From 1930–1931 Teilhard stayed in France and in the United States. During a conference in Paris, Teilhard stated: "For the observers of the Future, the greatest event will be the sudden appearance of a collective humane conscience and a human work to make."

From 1932–1933 he began to meet people to clarify issues with the Congregation for the Doctrine of the Faith, regarding Le Milieu Divin and L'Esprit de la Terre. He met Helmut von Terra, a German geologist in the International Geology Congress in Washington, DC. A few months later Davidson Black died.

Teilhard participated in the 1935 YaleCambridge expedition in northern and central India with the geologist Helmut von Terra and Patterson, who verified their assumptions on Indian Paleolithic civilisations in Kashmir and the Salt Range Valley.

He then made a short stay in Java, on the invitation of Professor Ralph van Koningsveld to the site of Java man. A second cranium, more complete, was discovered. This Dutch paleontologist had found (in 1933) a tooth in a Chinese apothecary shop in 1934 that he believed belonged to a giant tall ape that lived around half a million years ago.

In 1937 Teilhard wrote Le Phénomène spirituel (the spiritual Phenomenon) on board the boat the Empress of Japan, where he met the Raja of Sarawak. The ship conveyed him to the United States. He received the Mendel medal granted by Villanova University during the Congress of Philadelphia in recognition of his works on human paleontology. He made a speech about evolution, origins and the destiny of Man. The New York Times dated March 19, 1937 presented Teilhard as the Jesuit who held that the man descended from monkeys. Some days later, he was to be granted Doctor honoris causa of the Catholic University of Boston. When coming to the meeting, he was told that the distinction had been cancelled.[citation needed]

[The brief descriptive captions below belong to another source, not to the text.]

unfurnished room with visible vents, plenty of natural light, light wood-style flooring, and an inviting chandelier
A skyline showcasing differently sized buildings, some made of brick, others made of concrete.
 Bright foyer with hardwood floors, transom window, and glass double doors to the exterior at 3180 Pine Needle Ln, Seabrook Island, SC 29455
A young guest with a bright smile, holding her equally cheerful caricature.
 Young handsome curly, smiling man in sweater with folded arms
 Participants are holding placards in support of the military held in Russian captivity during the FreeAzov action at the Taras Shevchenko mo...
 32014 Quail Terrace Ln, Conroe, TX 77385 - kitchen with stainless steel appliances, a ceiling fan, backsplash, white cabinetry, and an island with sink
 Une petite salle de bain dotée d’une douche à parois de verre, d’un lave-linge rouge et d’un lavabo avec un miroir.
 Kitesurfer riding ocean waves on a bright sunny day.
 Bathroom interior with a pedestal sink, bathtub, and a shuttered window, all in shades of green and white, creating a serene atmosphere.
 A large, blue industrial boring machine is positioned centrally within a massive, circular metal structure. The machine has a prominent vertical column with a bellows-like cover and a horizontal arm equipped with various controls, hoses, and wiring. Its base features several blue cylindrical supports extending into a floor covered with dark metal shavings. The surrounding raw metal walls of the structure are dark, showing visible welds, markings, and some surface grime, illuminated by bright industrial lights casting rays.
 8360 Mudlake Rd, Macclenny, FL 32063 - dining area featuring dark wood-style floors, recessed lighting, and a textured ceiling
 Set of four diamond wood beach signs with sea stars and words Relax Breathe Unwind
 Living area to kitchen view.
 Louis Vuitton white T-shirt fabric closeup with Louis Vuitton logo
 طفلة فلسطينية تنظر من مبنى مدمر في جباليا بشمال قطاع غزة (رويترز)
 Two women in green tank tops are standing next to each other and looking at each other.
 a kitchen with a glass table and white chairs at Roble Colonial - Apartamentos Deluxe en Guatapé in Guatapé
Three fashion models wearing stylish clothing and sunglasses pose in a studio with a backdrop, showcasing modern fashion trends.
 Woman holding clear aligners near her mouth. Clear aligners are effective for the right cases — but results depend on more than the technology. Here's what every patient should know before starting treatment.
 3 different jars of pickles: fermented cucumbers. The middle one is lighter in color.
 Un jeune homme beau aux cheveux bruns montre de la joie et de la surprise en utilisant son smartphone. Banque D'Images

He then stayed in France, where he was immobilized by malaria. During his return voyage in Beijing he wrote L'Energie spirituelle de la Souffrance (Spiritual Energy of Suffering) (Complete Works, tome VII).

[edit] Death

Teilhard died on April 10, 1955 in New York City, where he was in residence at the Jesuit church of St Ignatius of Loyola, Park Avenue. He was buried in the cemetery for the New York Province of the Jesuits at the Jesuit novitiate, St. Andrew's-on-the-Hudson in Poughkeepsie, upstate New York. In 1970 the novitiate was moved to Syracuse, New York (on the grounds of LeMoyne College) and the Culinary Institute of America bought the old property, opening their school there a few years later. However, the cemetery remains on the grounds. A few days before his death Teilhard said "If in my life I haven't been wrong, I beg God to allow me to die on Easter Sunday"[citation needed]. April 10 was Easter Sunday.

[edit] Controversy with Church officials

In 1925, Teilhard was ordered by the Jesuit Superior General Vladimir Ledochowski to leave his teaching position in France and to sign a statement withdrawing his controversial statements regarding the doctrine of original sin. Rather than leave the Jesuit order, Teilhard signed the statement and left for China.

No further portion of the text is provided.